Con sus 45 millones por año, que podrían incrementarse en muchos, muchos más para el piloto gracias a diversos patrocinios, Lewis domina la “champions league” de los contratos de la F1, donde junto a él y Vettel están Kimi Raikkonen y Fernando Alonso. El asturiano, que ganaba unos 30 millones anuales, renovaba con McLaren el pasado otoño aunque las condiciones no quedaron claras. Se trataría de un contrato condicionado y revisable cada temporada

Tras esa élite de cuatro pilotos habría un escalón enorme que, según las estimaciones filtradas antes del inicio de la temporada por la web TSMSportz, caería hasta los 9 millones de euros del otro conductor de Mercedes, Valteri Bottas, o los 125.000 euros que se embolsaría por jugarse el pellejo a 300 km/h Charles Leclerc, de la renovada Alfa Romeo-Sauber

El director ejecutivo de Mercedes F1, Toto Wolff ya avanzaba que el entendimiento con Hamilton, quien persigue la marca de cinco títulos de Fangio, estaba por llegar: “Ambas partes vamos en la misma dirección. Un contrato de este tipo tiene unos 100 folios y tenemos que repasar todos los puntos minuciosamente antes de firmar”.

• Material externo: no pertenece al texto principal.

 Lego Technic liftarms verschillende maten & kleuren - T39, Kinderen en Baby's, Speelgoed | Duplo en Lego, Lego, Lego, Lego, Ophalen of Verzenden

Finamente, los emolumentos de Lewis le permitirán conservar el puesto entre los diez deportistas con más ingresos del planeta que anualmente elabora la revista económica Forbes y que le otorgaba el décimo lugar de una clasificación encabezada por la estrella del Real Madrid Cristiano Ronaldo, quien tras su cacareado gol de chilena y su rendimiento en la Champions League a buen seguro volverá a exigir un aumento a su club este próximo verano. 

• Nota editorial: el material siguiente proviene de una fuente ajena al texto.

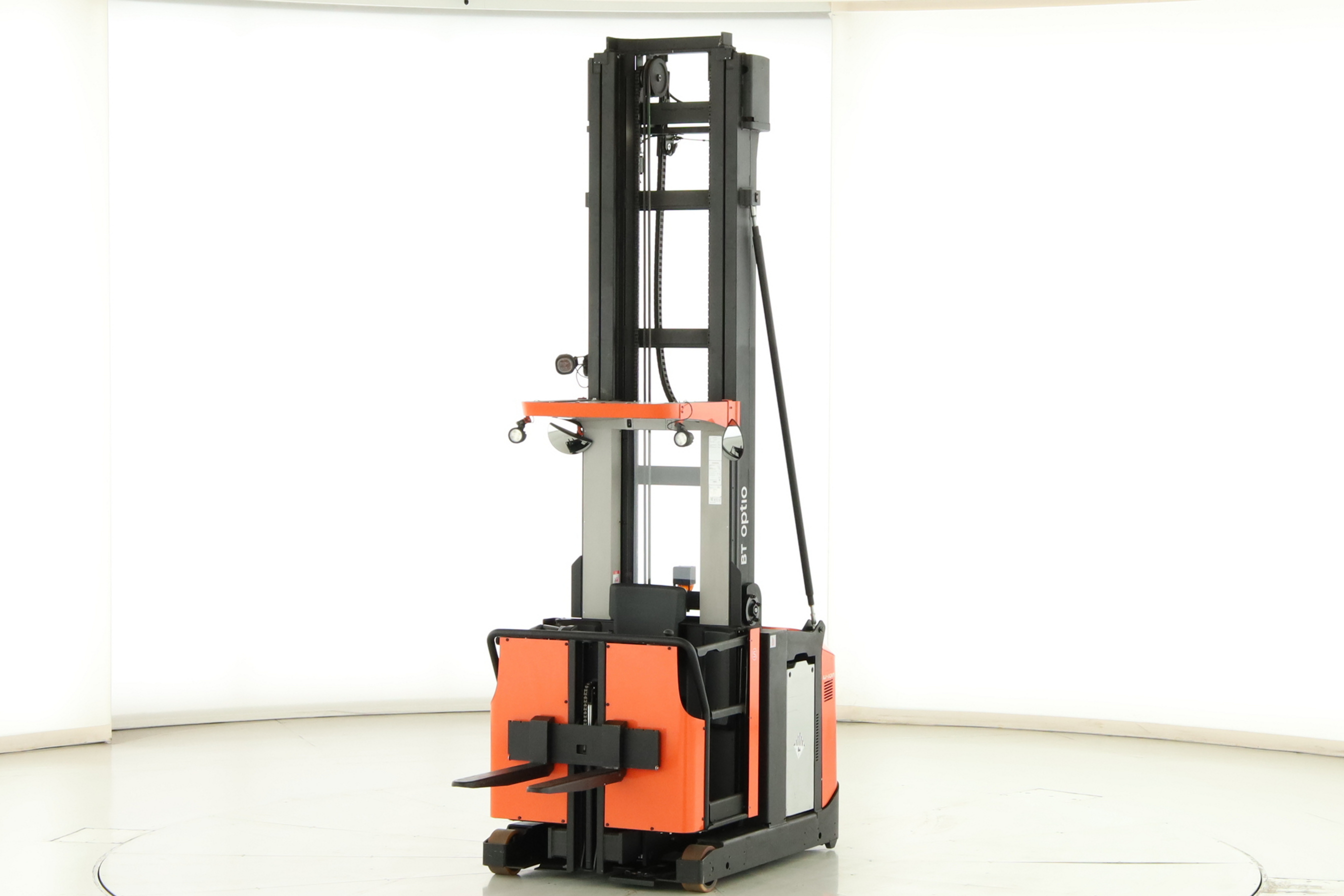 175815 Toyota OME-100-H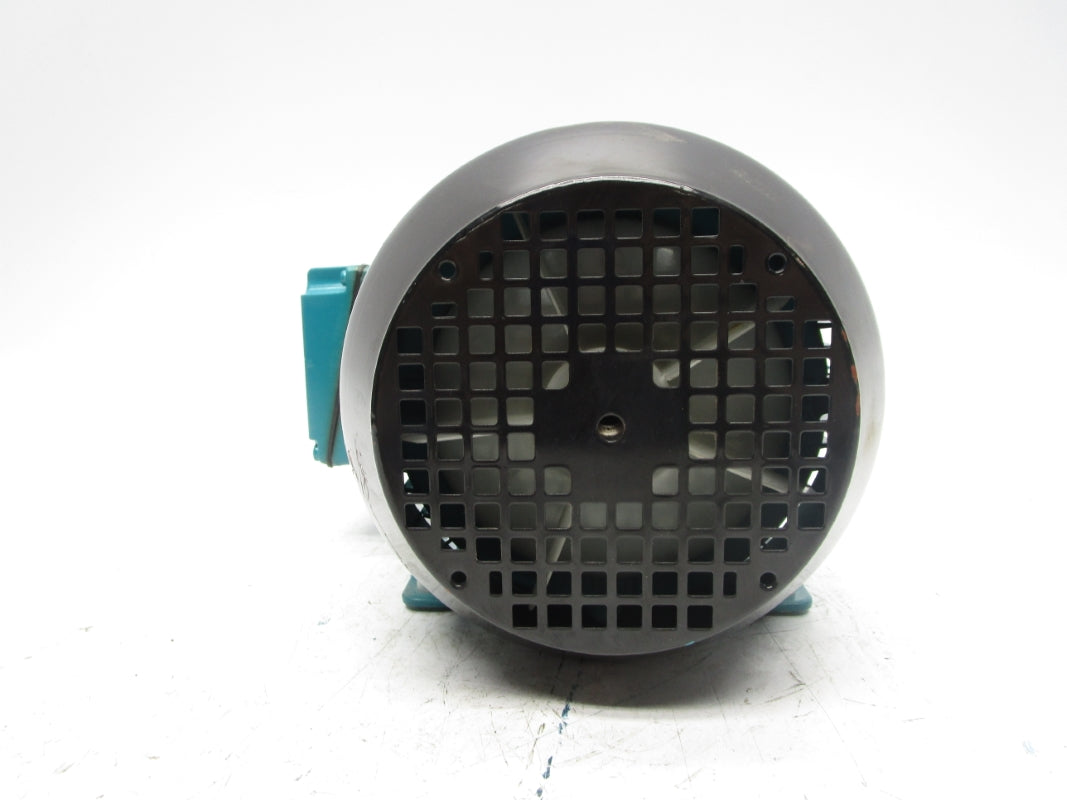 BROOK CROMPTON 100W000518 460V 11.60A NSNP
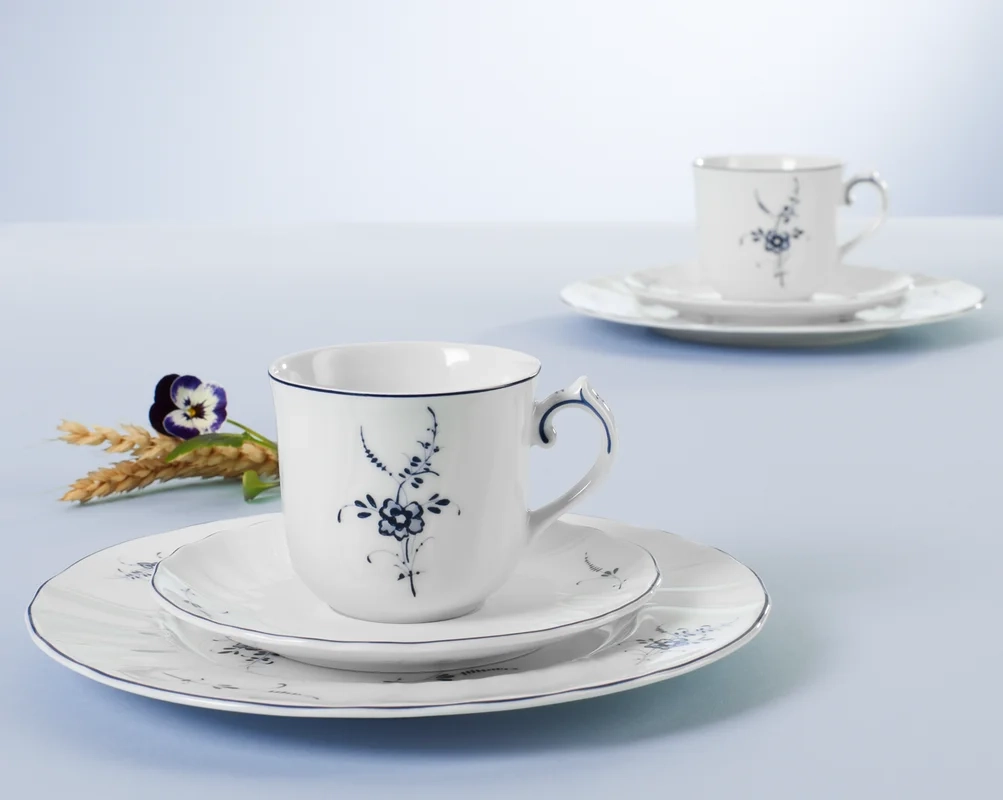 Villeroy&Boch - Old Luxembourg - Filiżanka do espresso 0,10l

“El próximo contrato es probablemente el más importante de mi carrera. Para mí, estando en la parte final de mi trayectoria, es uno que hay que estudiar con calma”, declaró el piloto antes de prepararse para el Gran Premio de Bahréin de este fin de semana. Porque junto a Cristiano, LeBron James, Leo Messi y Roger Federer es donde se quiere ver Lewis Hamilton, deportiva y, ahora también, económicamente.